Botswana football is right in the middle of a confusing stage. Is it professional or amateur?
The leaders will tell you it should be at professional level, but the overwhelming story on the ground tells you there is still a sizeable chunk of amateur football. As used to happen back then when the colonialists arrived with their English, our fore parents struggled to speak the pure English. Instead they spoke something in between which became widely known as ‘Fanakalo’. It was neither English nor vernacular, but it served its purpose of communication. Botswana football is at crossroads. The Botswana Football Association has emphasised the need to adhere to professional standards underlined by adherence to certain requirements contained in Club Licensing. Club Licensing is a strict programme meant to ensure clubs achieve a level of professionalism. To this extent, clubs are then required to obtain a license to play in the Premier League every season.
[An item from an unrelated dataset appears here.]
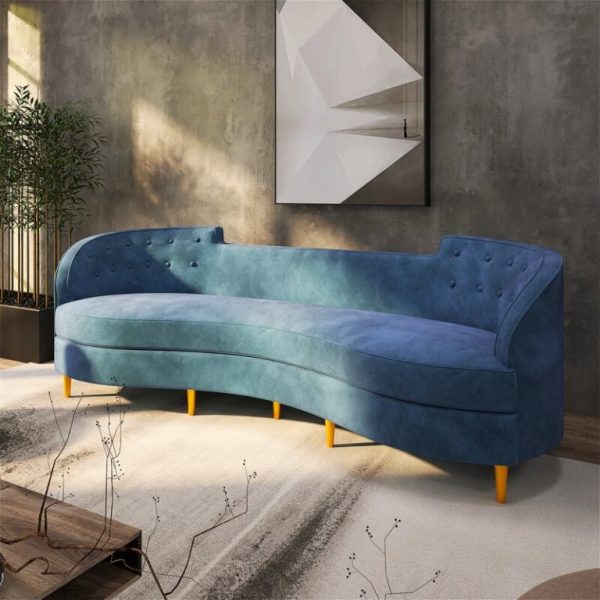 Color 99.25” Velvet Curved Sofa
There are requirements to be met before a license is issued by the First Instance Body. While the licensing of clubs is noble and could drive the path to a professional league, the manner in which it is being applied in the local league has been laughable. Clubs that fail to out rightly obtain the license always find a backdoor to compete in the league. This has resulted in chaotic scenes reminiscent of the old days where football was a pastime. The likes of Mogoditshane Fighters and Extension Gunners have been perennial violators of the Club Licensing, but due to the leniency of those in charge of football, and the general ‘botho’ approach to issues, has seen transgressors consistently being pardoned. While it is difficult to effectively condemn a club of Gunners’ stature to the dustbins of history by relegating them to the lowest league, it could be the necessary evil if football is to make the step up.
Football administrators should choose where they want to place the local game. They can abandon the strict requirements presented by Club Licensing and leave clubs to compete as amateurs. Right now it is a haphazard mix of both, with sides like Township Rollers, Gaborone United, Jwaneng Galaxy, Orapa United, BDF XI, Police XI and Security Systems exhibiting the seriousness required at the top level. Then there is a heap that has the likes of Fighters and Gunners that still treat the game as amateur. The clubs are worlds apart, which effectively leaves the local game in a ‘Fanakalo’ state. The Botswana league is not outright professional while at the same time, it cannot be said to be amateurish. It is something in between and administrators should make a quick choice. It cannot be all of the above when someone asks where Botswana football stands. The authorities should make a clear all duck or no dinner approach. Mixing professional and amateur football is a bizarre concoction, which will not take the game to the desired level. To get the duck for dinner, there is need to make some painful decisions, including trimming Premier League teams to 12.
That should be the starting point, in order to remain with the ones that are serious about competing at the highest level. The days of a ‘Fanakalo’ league should be a thing of the past.